Just over a year since it was abolished, there are multiple calls for the government to reinstate the position of Minister for Cyber Security in submissions on Australia’s 2020 Cyber Security Strategy.
The dedicated role for cyber security lasted less than a year itself, when Prime Minister Scott Morrison shuffled up his ministry after succeeding Malcolm Turnbull in the role in August last 2018, with then-junior minister for law enforcement and cyber security Angus Taylor instead re-assigned to Minister for Energy.
It's a move that several bodies have called to be reversed in their submissions on Australia's 2020 Cyber Security Strategy.
"The 2016 Strategy set an overarching framework which included the establishment and allocation of resources for a number of key government responsibilities," wrote the Australian Industry Group in its submission this month.
"These included the Minister Assisting the Prime Minister for Cyber Security, Special Adviser to the Prime Minister on Cyber Security, Ambassador for Cyber Affairs, AustCyber, and ASD.
"Unfortunately, a minister dedicated to cyber security with the responsibility to develop expertise on cyber security matters and advocate within the Australian government for industry no longer exists. We consider this role is critical.
"Therefore, this type of minister should be reinstated that can take a holistic view, have full responsibility for managing cyber security policy and can operate across relevant departments."
This position was echoed by Peter Coroneos, international vice president of the Cybersecurity and Cybercrime Advisors Network (CyAN).
"We believe consideration should be given to reestablishing a separate Cybersecurity portfolio within government," Coroneos published in his submission.
"This would send a strong signal to business and the public that the issues our members contend with on a daily basis are receiving the focus and attention they deserve."
Currently, the role is loosely filled by Minister of Home Affairs Peter Dutton, as well as Minister for Cyber Safety and Communication and the Arts Paul Fletcher.
The latter, however, is more focused on consumer safety and things like cyber bullying and inappropriate online content.
Microsoft's submission suggested that five critical functions be spread across three different agencies; the Australian Cyber Security Centre (ACSC), DHA and the Department of Foreign Affairs and Trade (DFAT).
These functions are as follows:
- Policy and planning function: lead the nation’s development, co-ordination, alignment, and integration of cyber security policies, strategies and plans.
- Outreach and partnership function: lead and manage relationships and interfaces across the government and with other nations, institutions and the private sector.
- Communications function: co-ordinate regulatory and non-regulatory communication, including messages, documents and publications, and statements, to all stakeholders on behalf of relevant government authorities; manage communication during a crisis or emergency; act as a point of contact for media, organisations and the general public seeking information about programs, policies, procedures, statistics, and services.
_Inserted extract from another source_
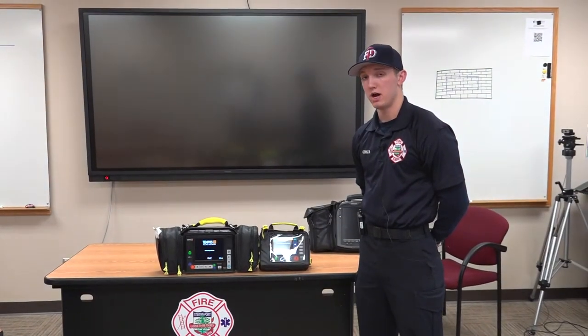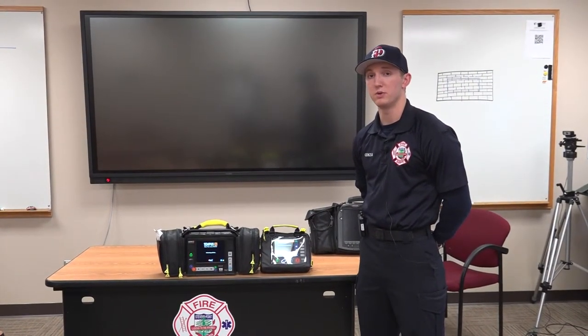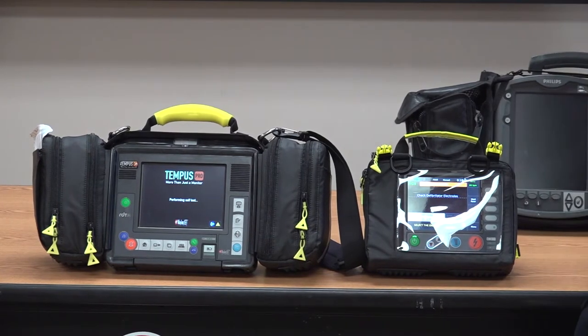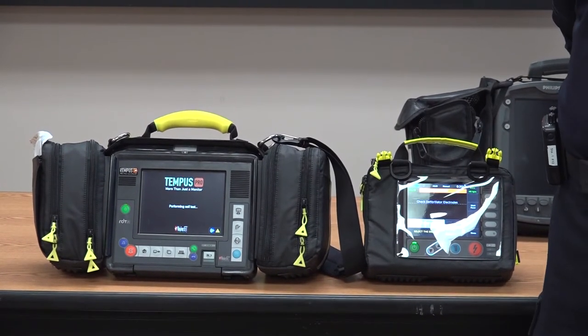These are military tech monitors. The military have been using them for quite some time now and they have just recently reached the United States. It has passed FDA clearance and is capable of being on ambulances.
A greater focus and investment in the communications function is worth considering as a part of the 2020 strategy.
- Operations function: ensure effective co-ordination and deployment of resources in response to cyber threats and incidents.
- Regulatory function: oversee compliance with cyber security regulations, including by developing guidance to help organisations understand the relevant requirements, interacting with regulators who will enforce compliance, establishing an incident reporting framework, and collaborating with other units to update regulatory obligations.
"If the desire is to maintain the current structure, the government should consider whether the existing governance arrangements are ensuring that cyber functions performed by the Australian government are collaborative and co-ordinated," Microsoft added.
"One possible improvement could be to have a single co-ordinating minister and/or a co-ordinating executive with oversight across all cyber functions within the existing machinery of government arrangements."
The 2020 Cyber Security Strategy
The successor to Australia's 2016 Cyber Security Strategy, the 2020 iteration aims to build on the government's $230 million investment three years ago "to position Australia to meet the rapidly evolving cyber threat environment".
The membership of the 2020 Cyber Security Strategy Industry Advisory Panel was announced yesterday, who will provide strategic advice on the development of the strategy.
The panel membership is as follows:
- Andrew Penn (chair), chief executive and managing director, Telstra;
- Robert Mansfield, AO, chair, Vocus Group;
- Robyn Denholm, board chair, Tesla;
- Chris Deeble, AO, CSC, chief executive, Northrop Grumman Australia; and
- Darren Kane, chief security officer, NBN Co.
"Since the release of the 2016 Cyber Security Strategy, the cyber threat landscape has shifted and evolved dramatically," the government said.
"The magnitude of the threats faced by Australian businesses and families has increased. They will become more acute as our society and economy become increasingly connected. As the threat evolves, so too must our response."